Ojalá solo se tratara de la anécdota local y pastosa del recluso Junqueras. Hace un par de días el Post publicaba con todos los honores un impresionante artículo de un Richard Morgan del que bastaba el titular: «Woody Allen está obsesionado con las adolescentes». Morgan dice que se ha leído todo el archivo del cineasta, depositado en la Universidad de Princeton. E inyecta párrafos como este: «No hay nada criminal en la fijación de un hombre de 82 años con las de 18 y no es tan malo como ‘sacarse el pene de repente’, previo cierre del despacho con un botón escondido. Pero es profunda y anacrónicamente indecente. Además, Allen no parece preocuparse en absoluto de mejorar o cambiar de alguna manera. Vive, piensa y crea como lo hacía en los setenta, hace casi medio siglo». Más allá del diagnóstico de que Allen (que acaba de estrenar, por cierto, una obra maestra) necesita mejorar, la clave del párrafo son estas cuatro palabras: «No es tan malo». Morgan percibe el escalón entre el ser y el hacer, pero no duda de que, aun en menor grado, el ser delinque. De hecho esa es la torva declinación principal de su artículo, que extiende hasta la evaluación artística de Allen: un hombre que es así solo puede producir obras así, así. Morgan pretende refugiarse en el aserto razonable de que la obra es inseparable de la biografía. Y así es; pero para explicarla y no para juzgarla. Sus sacrificados lectores podemos establecer, como hacía ayer nuestro Tadeu, una relación hipotética entre los abusos sexuales que Morgan dice que sufrió y la desgraciada escritura de este artículo. Pero sería intolerable dictaminar que por esos abusos abominables el artículo es abominable y, en consecuencia, ni siquiera hace falta leerlo. En modo alguno: en cuanto a su abominable carácter el artículo se defiende solo.

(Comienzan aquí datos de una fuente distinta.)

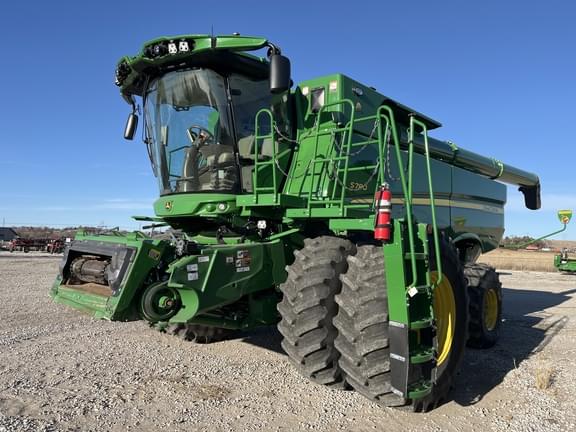 Image of John Deere S780 Primary image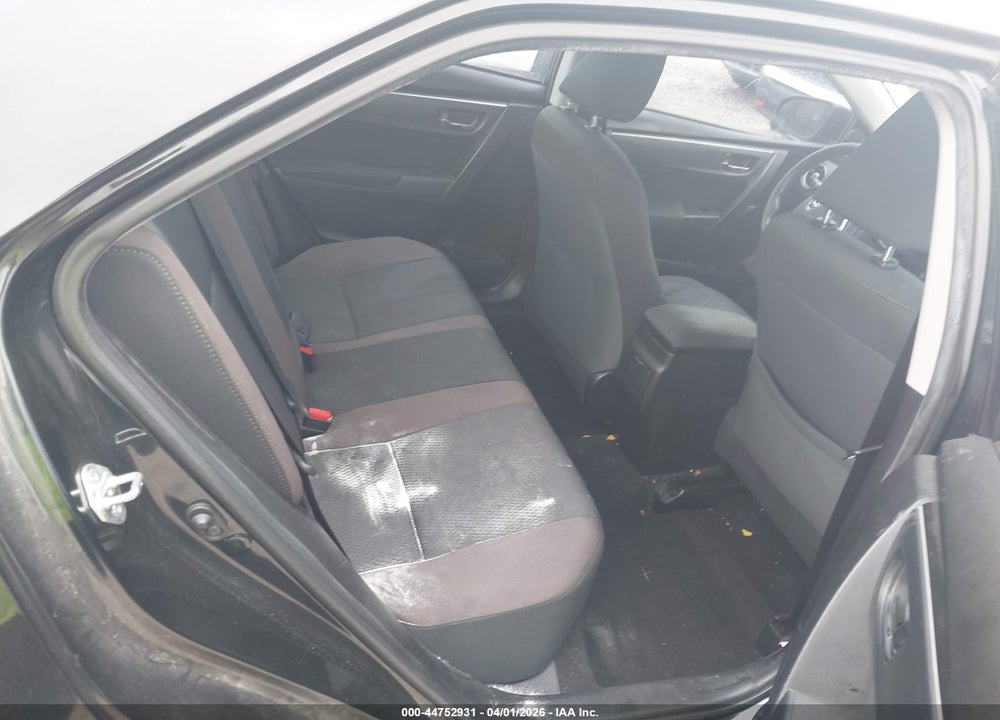 2017 TOYOTA COROLLA LE VIN: 5YFBURHE5HP576010
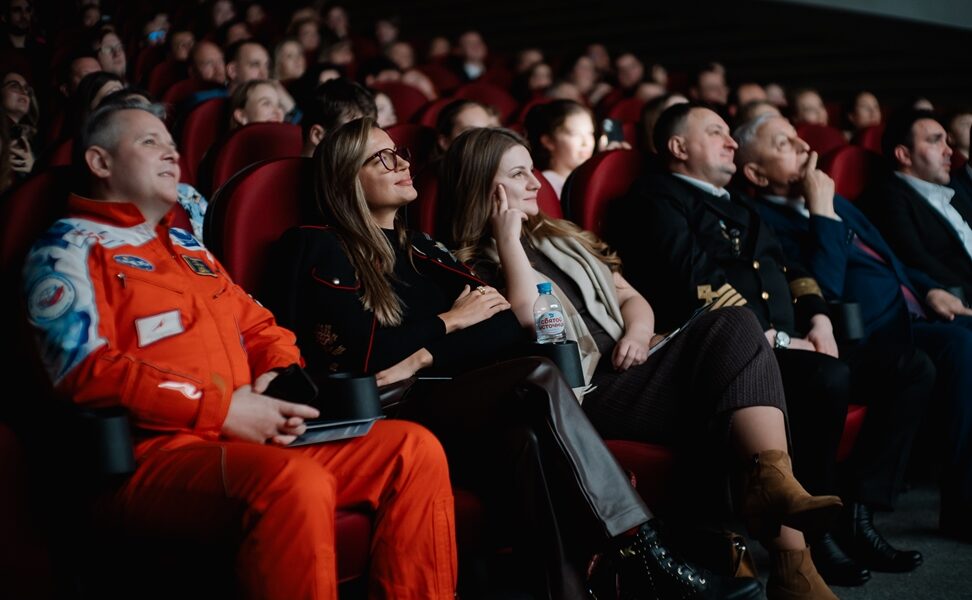 В Москве прошел премьерный показ сериала Российского общества «Знание» и «Росатома» о международной экспедиции школьников на Северный полюс
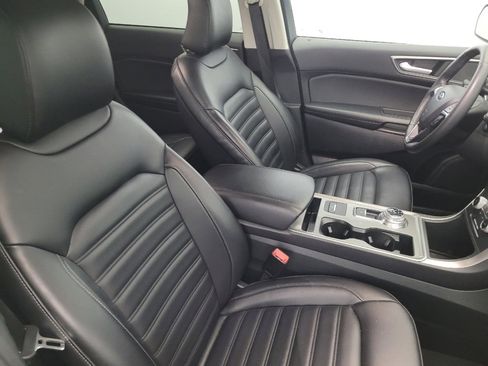 Used 2024 Ford Edge SEL image 21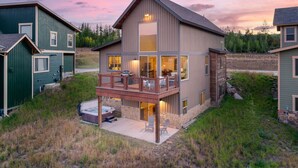 A modern two-story house with a balcony, a hot tub, and a stone fireplace. - Mountain Willow At Grand Park 4 Bedroom Home by RedAwning (Fraser)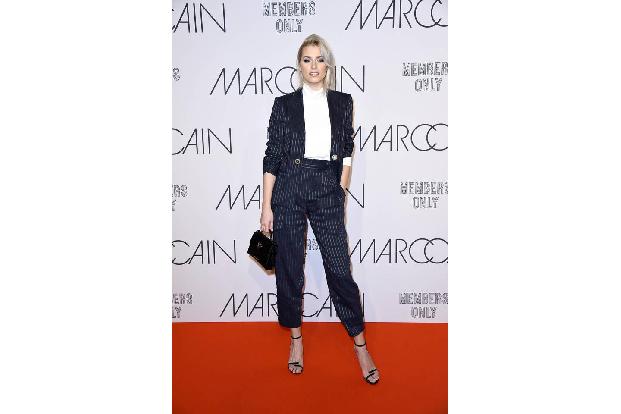 ...Lena Gercke fiel die Wahl auf einen stylischen Hosenanzug - der ihr zweifellos gut stand. Modisch war der Abend also rund...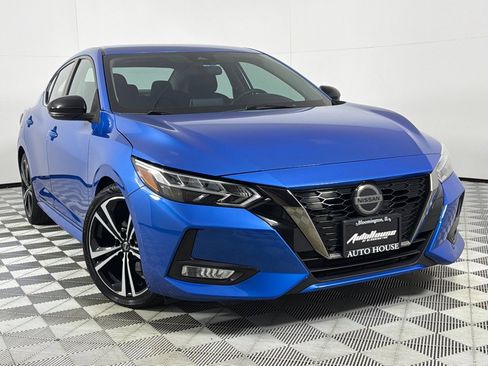 Used 2020 Nissan Sentra SR image 2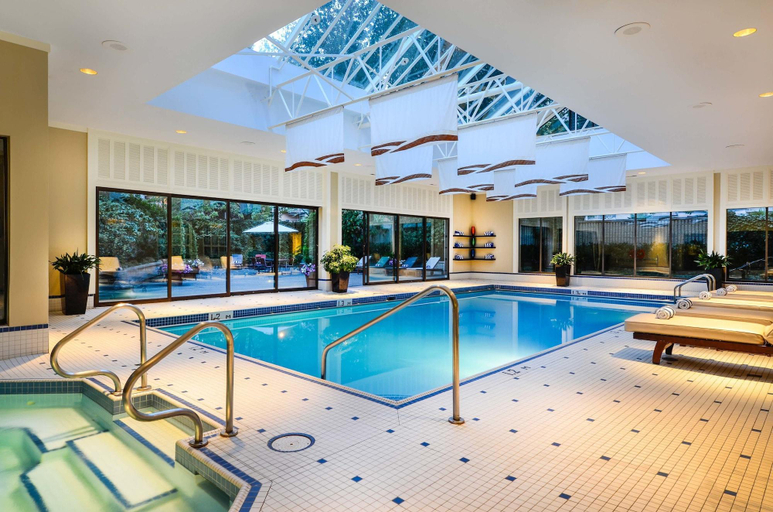 Sport & Beauty 2, La Grande Residence Vancouver at The Sutton Place Hotel, Greater Vancouver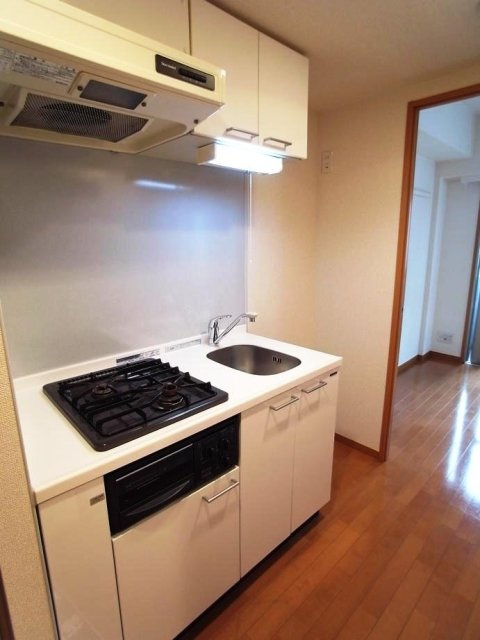 アーバイル文京本駒込のキッチン|システムキッチン(2口ガスコンロ・グリル付)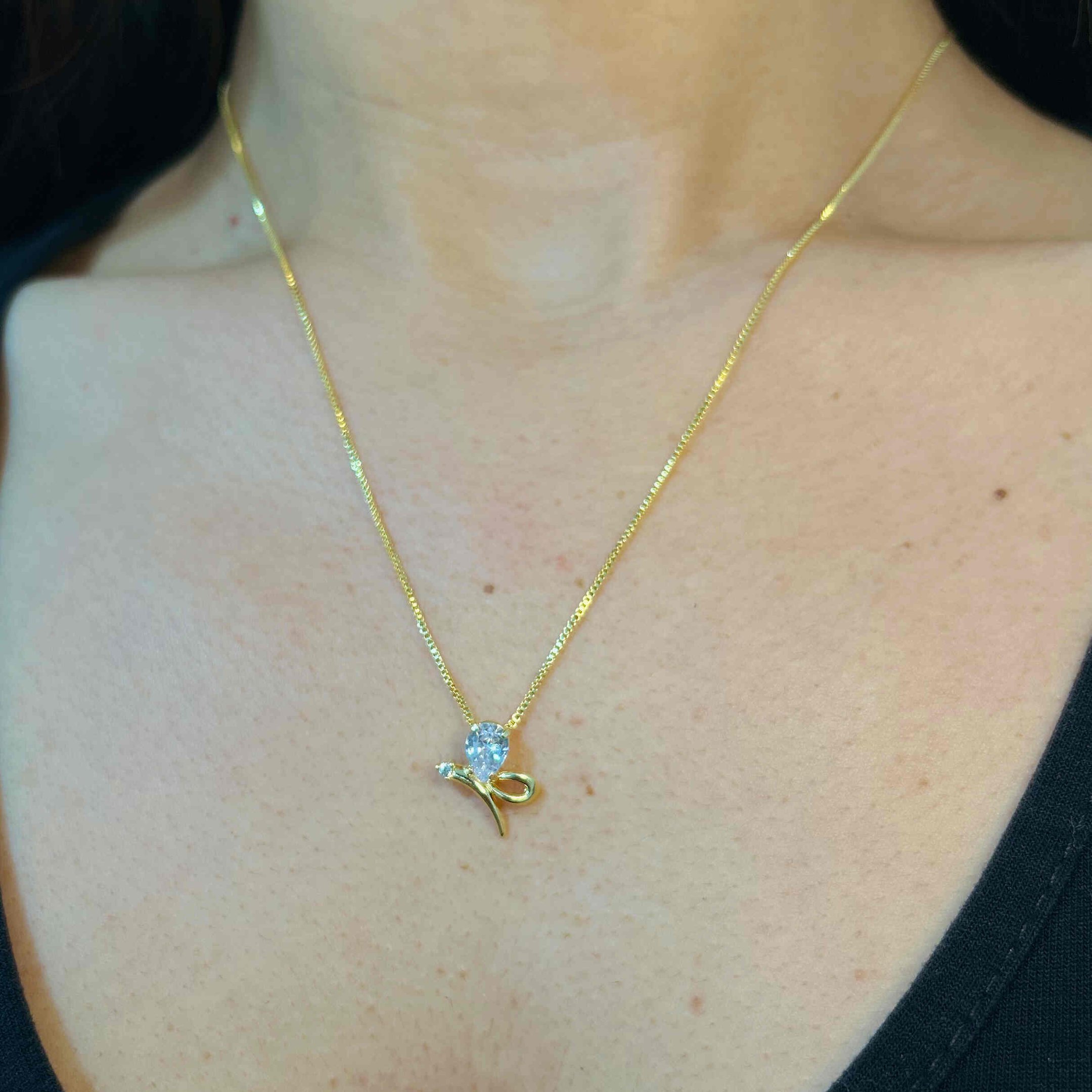 Gargantilha Libélula Banhado a Ouro 18k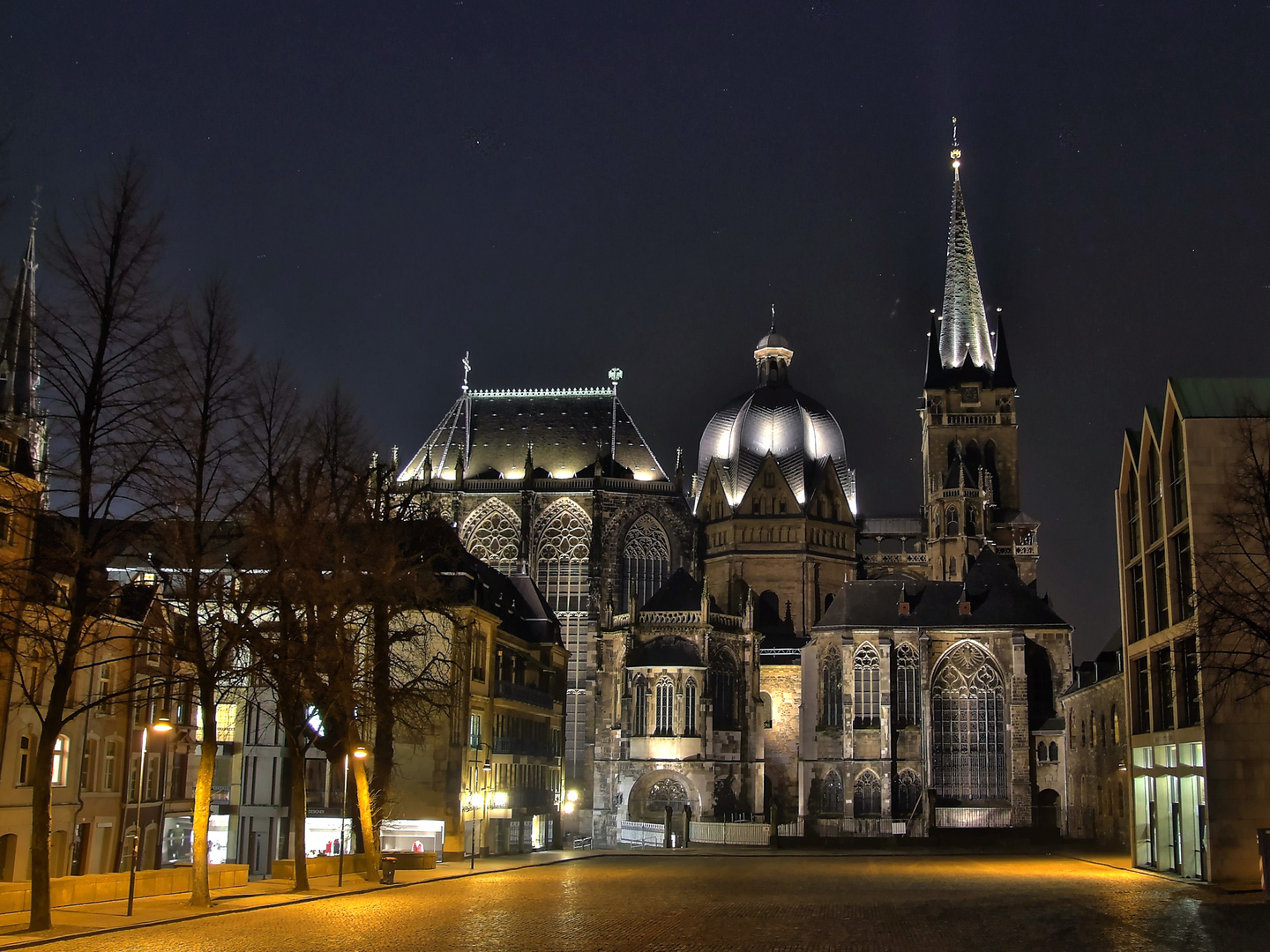 Der Aachener Dom bei Nacht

El repudio ontológico de Allen tiene, por lo demás, una extensión palmaria. Hace tres años, Christian Rudder publicó un documentado artículo en el Guardian sobre el carácter corriente, y hasta vulgar, de los archivos de Allen. Rudder tenía una autoridad indiscutible para hacerlo, porque fue uno de los fundadores de OkCupid, web de citas. Su análisis no estaba basado en encuestas sino, decía, «en millones de preferencias demostradas por usuarios» de una edad entre 20 y 50 años. Sobre lo que ahora nos interesa sacaba dos conclusiones irrevocables. Una es que las mujeres, tuvieran la edad que tuvieran, buscaban hombres más o menos de su edad. La segunda es que la mujer de más edad que buscaban los hombres de cualquier edad tenía 24 años. Solo un/a estúpido/a puede observar en estas preferencias una superioridad moral femenina. Pero tal estupidez y la estupidez asociada, de Junqueras a Morgan, es la que trata de hacerse con el gobierno del mundo. Y ello a pesar de que la matanza esencial del que aún es nuestro tiempo destruyó a seis millones de hombres no por lo que hicieron sino por lo que fueron.